Philosophers Brian Clayton and Douglas Kries discuss how their students often approach the relationship between faith and reason, noting that faith is frequently reduced to a set of affirmed propositions and reason to a scientific and calculative faculty. The two categories are usually either opposed or simply assumed to be separate. But in lived experience, faith and reason inform each other quite often and are often mutually reinforcing. A more expansive understanding of faith involves trust as well as an element of desire or love, which motivates our reasoning towards practical, material, moral, or spiritual ends. Likewise, a more expansive understanding of reason is able to think compellingly about questions of being, goodness, truth, and even beauty.       

•     •     •

Conor Sweeney

“For me, it’s about wrestling with the ‘death of God.’ Confronting the forces of Sauron, if you will, for us really requires going back to the sources.

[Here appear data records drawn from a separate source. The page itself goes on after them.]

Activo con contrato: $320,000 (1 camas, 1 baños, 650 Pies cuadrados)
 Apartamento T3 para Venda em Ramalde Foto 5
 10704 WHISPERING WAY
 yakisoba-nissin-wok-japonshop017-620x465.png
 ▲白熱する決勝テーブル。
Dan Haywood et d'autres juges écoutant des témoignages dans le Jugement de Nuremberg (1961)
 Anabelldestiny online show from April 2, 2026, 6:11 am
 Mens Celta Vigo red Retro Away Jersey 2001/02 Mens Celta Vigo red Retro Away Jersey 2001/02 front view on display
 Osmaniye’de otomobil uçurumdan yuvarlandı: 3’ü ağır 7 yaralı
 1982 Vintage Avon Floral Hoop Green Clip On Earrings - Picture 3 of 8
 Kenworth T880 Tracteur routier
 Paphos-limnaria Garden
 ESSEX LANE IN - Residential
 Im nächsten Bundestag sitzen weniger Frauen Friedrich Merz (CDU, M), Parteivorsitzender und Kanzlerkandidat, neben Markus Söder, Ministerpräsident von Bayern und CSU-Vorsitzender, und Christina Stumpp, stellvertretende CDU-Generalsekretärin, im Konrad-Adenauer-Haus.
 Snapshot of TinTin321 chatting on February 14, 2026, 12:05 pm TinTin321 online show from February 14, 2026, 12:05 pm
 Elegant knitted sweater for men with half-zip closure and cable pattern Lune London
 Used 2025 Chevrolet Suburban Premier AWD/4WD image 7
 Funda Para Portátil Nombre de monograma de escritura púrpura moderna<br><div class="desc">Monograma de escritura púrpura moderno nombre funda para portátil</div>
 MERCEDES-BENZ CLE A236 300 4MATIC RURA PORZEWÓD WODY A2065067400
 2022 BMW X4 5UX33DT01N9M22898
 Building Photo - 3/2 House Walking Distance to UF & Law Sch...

And to do that, I think, baptism is like the ultimate template: this adoption into God’s inner life through the Son. [Baptism] for me is one of the primary Christian things that probably I think many of us have forgotten just how radical it is and just how constitutive it is for the Christian life and the Christian difference.”

— Conor Sweeney, author of Abiding the Long Defeat: How to Evangelize Like a Hobbit in a Disenchanted Age (Angelico Press, 2018)

In order to properly respond to the challenges of postmodernity, philosopher and theologian Conor Sweeney argues that Christians need to get back to the sacramental structure of faith, meaning that fundamentally, our faith is a gift. Sweeney observes that within the culture of the Church, love, worship, and beauty have been eclipsed and that our recovery of these three depends a great deal on how we understand baptism — the sacrament that is pure gift and through which we are grafted into the family of God.       

•     •     •

Carole Vanderhoof

“All the way through, she insists on integrity and this high professional standard. You can hear her saying ‘Buck up! And get it right!’ and that was her attitude.”

— Carole Vanderhoof, author of The Gospel in Dorothy L. Sayers: Selections from Her Novels, Plays, Letters, and Essays (Plough Publishing House, 2018)

Editor Carole Vanderhoof talks about the work and personality of mystery writer and translator of Dante, Dorothy L. Sayers, whom C. S. Lewis fondly dubbed the “gleeful ogre.” Dorothy Sayers’s high standards for creativity as well as moral order and truth showed through in her works and in her actions, despite her “knowing how to have a good time.”